French warplanes hit a town newly seized by Islamists in Mali as African troops yesterday prepared to join the offensive which has sent the jihadists fleeing from their northern strongholds.
France on Monday secured UN backing for its campaign launched four days earlier to halt a southward advance on the capital, Bamako, by Islamist fighters who have controlled northern Mali since April last year.
A contingent of 750 French troops has been sent to bolster Malian forces against the well-armed rebels. Defense sources say the force will eventually rise to 2,500.

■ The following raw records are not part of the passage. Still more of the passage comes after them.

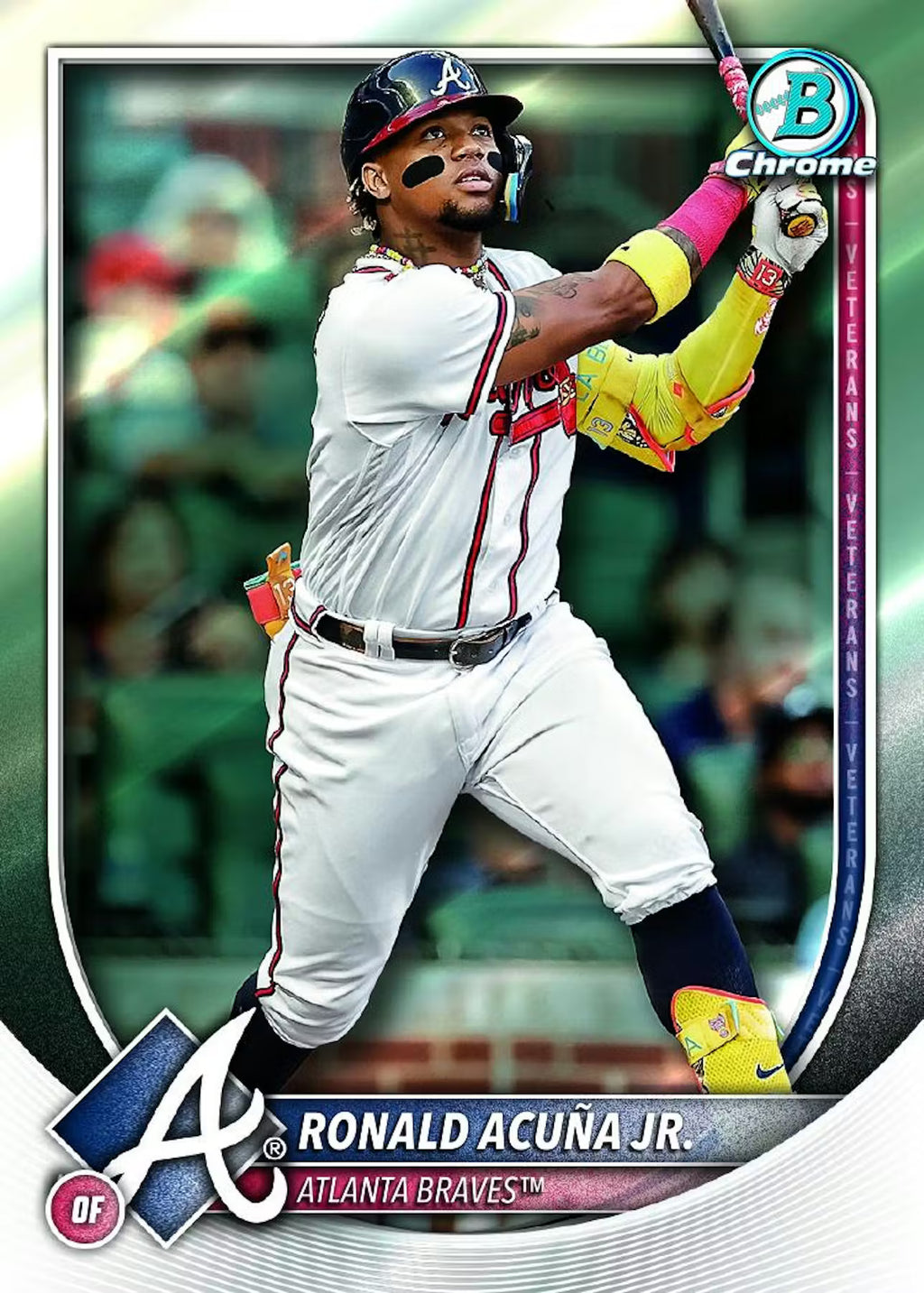 2025 Bowman Chrome Baseball Hobby Box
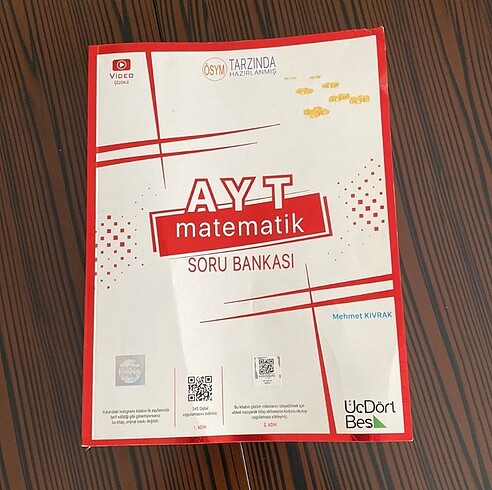 345 AYT Matematik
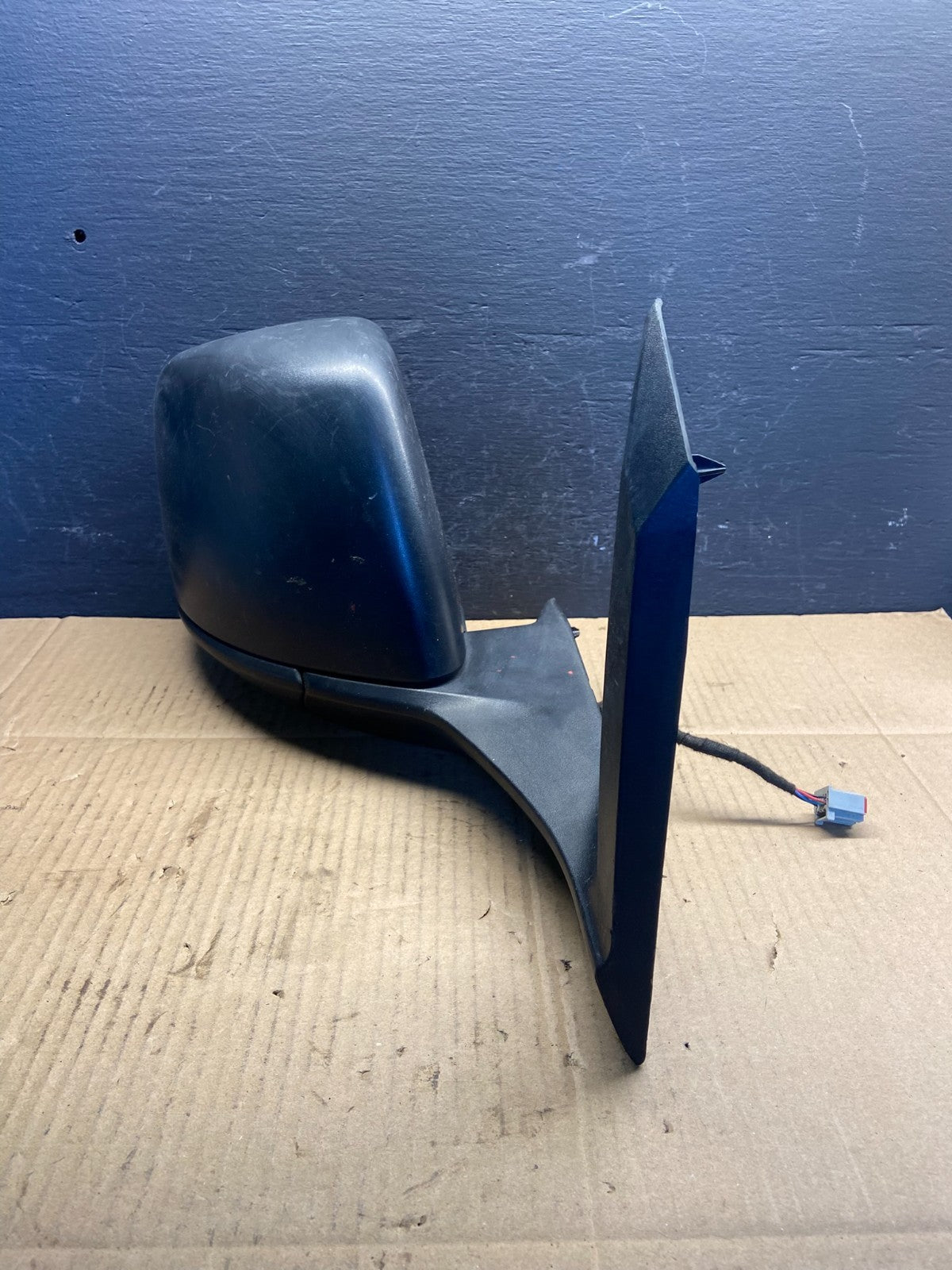 2014 to 2023 Ford Transit Connect Right Passenger RH Side Door Mirror AD2973 DW2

Since the French air offensive was launched on Friday, the Islamists have fled three key towns under their control: Timbuktu, where residents have suffered some of worst abuses of the past 10 months, as well as Gao, also in the north, and Douentza in Mali’s center.
Though driven from their strongholds by French Rafale fighter jets, the Islamists struck back Monday in the government-held south, capturing the small town of Diabaly about 400km north of Bamako.
French planes hit Diabaly overnight, according to a security source who told reporters at least five Islamists were killed and many injured. A resident of a town some 20km from Diabaly told reporters he had seen armed Islamists fleeing after the strikes.
French President Francois Hollande, speaking from the French military base in Abu Dhabi, said the night’s strikes had “achieved their goal.”
France and other UN Security Council countries want to speed up the deployment of a UN-mandated, 3,300-strong west African intervention force in Mali, held up by disagreements among its contributors.
West African army chiefs were to meet in Bamako later yesterday to plan the deployment.
Nigeria, which will lead the force, plans to have 600 troops on the ground in Mali “before next week,” Nigerian President Goodluck Jonathan said.
Benin, Ghana, Niger, Senegal, Burkina Faso and Togo have also pledged troops.